TASK TO COMPLETE. Please reproduce, exactly and in full, the lines from the one containing "Imagem ilustrativa: Procuradoria" to the end of the material below.

EXERCISE INPUT.
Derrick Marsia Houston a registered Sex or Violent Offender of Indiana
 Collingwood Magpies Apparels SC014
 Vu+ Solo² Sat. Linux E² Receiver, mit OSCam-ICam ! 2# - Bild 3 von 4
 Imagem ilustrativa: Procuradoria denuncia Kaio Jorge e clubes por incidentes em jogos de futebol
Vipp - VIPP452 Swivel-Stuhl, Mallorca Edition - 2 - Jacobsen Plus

EXERCISE RESPONSE.
 Imagem ilustrativa: Procuradoria denuncia Kaio Jorge e clubes por incidentes em jogos de futebol
Vipp - VIPP452 Swivel-Stuhl, Mallorca Edition - 2 - Jacobsen Plus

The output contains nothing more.